Un momento del salvataggio di migranti da parte della nave GeoBarents (Foto credits Avra Fials/Msf)

L’imbarcazione di Medici senza Frontiere ha raccolto i naufraghi su una barca di legno al largo di Sabratha, tra loro anche 15 minori

DAl CORRISPONDENTE DA CATANIA. La nuova nave umanitaria di Medici senza frontiere, la Geo Barents, ha salvato oggi 26 migranti nel Mediterraneo centrale; 15 sono minori non accompagnati. Erano su una barca in legno, 44 miglia al largo di Sabratha, Libia occidentale. A darne notizia, la stessa Ong con un tweet nel quale ha anche denunciato che «mentre il salvataggio era in corso, la Guardia costiera libica minacciava e intimidiva i nostri team via radio».

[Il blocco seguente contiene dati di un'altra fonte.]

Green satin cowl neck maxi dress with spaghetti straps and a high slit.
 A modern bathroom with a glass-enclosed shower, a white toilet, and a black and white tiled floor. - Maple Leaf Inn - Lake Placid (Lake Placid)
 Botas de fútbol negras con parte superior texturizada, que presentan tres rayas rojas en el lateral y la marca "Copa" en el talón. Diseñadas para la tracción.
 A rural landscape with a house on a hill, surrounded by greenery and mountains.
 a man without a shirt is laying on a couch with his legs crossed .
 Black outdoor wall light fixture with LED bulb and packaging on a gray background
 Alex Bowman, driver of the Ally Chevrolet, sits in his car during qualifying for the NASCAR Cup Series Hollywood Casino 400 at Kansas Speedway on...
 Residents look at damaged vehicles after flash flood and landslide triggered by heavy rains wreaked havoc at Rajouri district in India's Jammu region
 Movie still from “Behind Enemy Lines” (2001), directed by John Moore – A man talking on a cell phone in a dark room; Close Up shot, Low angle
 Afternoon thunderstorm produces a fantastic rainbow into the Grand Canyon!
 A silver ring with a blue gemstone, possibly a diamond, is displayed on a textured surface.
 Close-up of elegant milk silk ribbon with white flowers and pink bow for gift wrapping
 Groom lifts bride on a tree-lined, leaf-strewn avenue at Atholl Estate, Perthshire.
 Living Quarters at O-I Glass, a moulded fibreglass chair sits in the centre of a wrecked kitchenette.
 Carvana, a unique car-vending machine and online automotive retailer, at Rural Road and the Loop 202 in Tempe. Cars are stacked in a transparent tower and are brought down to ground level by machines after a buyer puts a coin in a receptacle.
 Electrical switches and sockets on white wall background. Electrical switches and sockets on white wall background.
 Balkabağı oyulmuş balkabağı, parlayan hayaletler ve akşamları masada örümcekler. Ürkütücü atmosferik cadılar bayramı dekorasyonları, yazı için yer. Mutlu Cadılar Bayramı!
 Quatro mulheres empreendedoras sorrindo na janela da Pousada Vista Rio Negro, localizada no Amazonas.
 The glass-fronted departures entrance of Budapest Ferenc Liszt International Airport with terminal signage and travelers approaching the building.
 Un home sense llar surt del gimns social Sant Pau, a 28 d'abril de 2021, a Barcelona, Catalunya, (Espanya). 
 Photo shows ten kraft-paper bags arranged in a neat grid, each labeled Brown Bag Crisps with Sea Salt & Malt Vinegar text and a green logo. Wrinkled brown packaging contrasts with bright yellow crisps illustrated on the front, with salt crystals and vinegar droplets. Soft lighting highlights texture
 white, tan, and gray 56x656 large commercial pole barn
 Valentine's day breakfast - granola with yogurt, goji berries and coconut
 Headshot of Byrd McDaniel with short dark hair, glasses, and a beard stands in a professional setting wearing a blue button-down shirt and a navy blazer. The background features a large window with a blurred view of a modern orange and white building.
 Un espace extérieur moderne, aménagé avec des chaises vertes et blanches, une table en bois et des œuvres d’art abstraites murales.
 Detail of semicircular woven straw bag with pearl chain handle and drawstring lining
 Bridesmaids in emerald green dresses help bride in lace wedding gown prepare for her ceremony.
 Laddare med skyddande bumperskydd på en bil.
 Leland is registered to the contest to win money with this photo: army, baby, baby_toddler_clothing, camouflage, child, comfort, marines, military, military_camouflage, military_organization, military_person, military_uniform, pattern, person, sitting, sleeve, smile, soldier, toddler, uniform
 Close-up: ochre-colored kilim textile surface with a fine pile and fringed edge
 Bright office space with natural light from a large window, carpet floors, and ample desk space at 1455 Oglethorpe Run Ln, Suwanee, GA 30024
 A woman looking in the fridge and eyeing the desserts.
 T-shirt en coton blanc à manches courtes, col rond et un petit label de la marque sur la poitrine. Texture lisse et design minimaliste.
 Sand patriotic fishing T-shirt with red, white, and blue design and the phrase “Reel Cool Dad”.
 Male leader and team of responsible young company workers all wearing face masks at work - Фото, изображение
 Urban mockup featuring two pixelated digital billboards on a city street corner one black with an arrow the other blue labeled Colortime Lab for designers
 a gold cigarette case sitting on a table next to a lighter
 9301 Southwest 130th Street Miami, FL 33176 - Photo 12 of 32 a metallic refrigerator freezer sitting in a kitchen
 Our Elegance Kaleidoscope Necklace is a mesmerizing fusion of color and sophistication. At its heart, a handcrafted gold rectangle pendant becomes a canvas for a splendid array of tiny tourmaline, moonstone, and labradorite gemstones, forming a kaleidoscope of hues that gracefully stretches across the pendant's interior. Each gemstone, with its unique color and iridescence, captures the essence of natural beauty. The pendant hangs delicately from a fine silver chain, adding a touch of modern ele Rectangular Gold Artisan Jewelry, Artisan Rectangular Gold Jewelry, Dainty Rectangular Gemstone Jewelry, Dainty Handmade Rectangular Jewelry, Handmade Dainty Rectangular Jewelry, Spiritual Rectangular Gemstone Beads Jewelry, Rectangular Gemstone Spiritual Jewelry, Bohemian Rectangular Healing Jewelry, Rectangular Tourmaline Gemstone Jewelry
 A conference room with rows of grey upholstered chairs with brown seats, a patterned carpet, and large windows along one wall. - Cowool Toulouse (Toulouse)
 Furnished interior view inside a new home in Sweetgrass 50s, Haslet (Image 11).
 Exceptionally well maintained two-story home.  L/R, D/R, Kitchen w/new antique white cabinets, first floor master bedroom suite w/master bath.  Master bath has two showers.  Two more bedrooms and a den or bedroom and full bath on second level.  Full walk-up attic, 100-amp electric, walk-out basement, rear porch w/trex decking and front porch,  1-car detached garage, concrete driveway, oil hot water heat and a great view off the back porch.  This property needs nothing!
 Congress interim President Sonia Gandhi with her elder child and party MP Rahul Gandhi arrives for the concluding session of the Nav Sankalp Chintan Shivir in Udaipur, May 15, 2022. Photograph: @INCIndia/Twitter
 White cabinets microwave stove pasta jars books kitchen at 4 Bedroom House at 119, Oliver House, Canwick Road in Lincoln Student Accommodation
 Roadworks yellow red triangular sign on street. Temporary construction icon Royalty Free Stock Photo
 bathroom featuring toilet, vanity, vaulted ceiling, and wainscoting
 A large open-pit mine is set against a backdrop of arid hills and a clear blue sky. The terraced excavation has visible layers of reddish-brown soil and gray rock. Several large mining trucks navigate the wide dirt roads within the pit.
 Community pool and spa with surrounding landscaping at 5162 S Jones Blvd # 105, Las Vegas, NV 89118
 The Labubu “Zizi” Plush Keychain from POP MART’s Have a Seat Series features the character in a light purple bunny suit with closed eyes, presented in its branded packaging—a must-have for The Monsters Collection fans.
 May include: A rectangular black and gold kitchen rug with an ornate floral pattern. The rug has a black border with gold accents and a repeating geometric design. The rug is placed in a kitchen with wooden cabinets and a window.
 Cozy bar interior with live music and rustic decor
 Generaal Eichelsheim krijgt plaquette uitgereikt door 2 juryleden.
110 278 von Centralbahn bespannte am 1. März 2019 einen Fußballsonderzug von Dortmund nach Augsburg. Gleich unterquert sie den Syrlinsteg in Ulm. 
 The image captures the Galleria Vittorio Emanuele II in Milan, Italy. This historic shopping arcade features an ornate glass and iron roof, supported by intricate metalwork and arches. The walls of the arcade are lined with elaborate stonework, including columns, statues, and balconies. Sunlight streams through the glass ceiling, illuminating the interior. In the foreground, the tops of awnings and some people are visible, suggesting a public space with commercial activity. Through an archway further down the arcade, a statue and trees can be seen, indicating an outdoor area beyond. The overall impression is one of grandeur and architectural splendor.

Da giorni non si avevano notizie di migranti in mare, anche se le Ong hanno continuato a lanciare allarmi sulla situazione nel Mediterraneo centrale. La Geo Barents, alla sua prima missione, è l’unica nave umanitaria in attività in quel tratto di mare divenuto ormai da anni molto pericoloso per i migranti. Alcune navi, come la Sea Watch 4, la Sea Eye 4 e la Open Arms, sono sotto sequestro nei porti siciliani mentre altre, come la Sea Watch 3, la Aita Mari e la Alan Kurdi, hanno avuto solamente il permesso di trasferirsi in un porto spagnolo. Ferma a Venezia per lavori l’unica nave italiana, la Mare Jonio.

Il salvataggio di migranti da parte degli operatori di GeoBarents (Foto creditis Avra Fials/Msf)

Il salvataggio di oggi è dunque il primo di cui si ha notizia dopo una pausa di circa tre settimane. Ma questo non vuol dire che nel frattempo non ci siano state partenze, sia dalla Libia sia dalla Tunisia. L’ultima stima dell’Oim, l’Organizzazione per le migrazioni delle Nazioni unite, parla di 675 persone morte o disperse in quel tratto di mare, da inizio anno. La portavoce in Libia, Safa Msehli, ha detto che da inizio anno sono almeno altri diecimila i migranti che sono stati riportati indietro dai libici, più di mille solo nelle due settimane a cavallo tra maggio e giugno. E che nel Mediterraneo centrale ci siano sempre imbarcazioni di migranti che tentano la traversata è testimoniato, oltre che dal salvataggio della nave di Msf, anche dalla richiesta di soccorso fatta oggi da Alarm Phone, il «centralino dei migranti», per una barca in difficoltà al largo della Libia, con 43 persone a bordo, «tra loro 9 donne e numerosi bambini», con cui nel pomeriggio ha perso i contatti.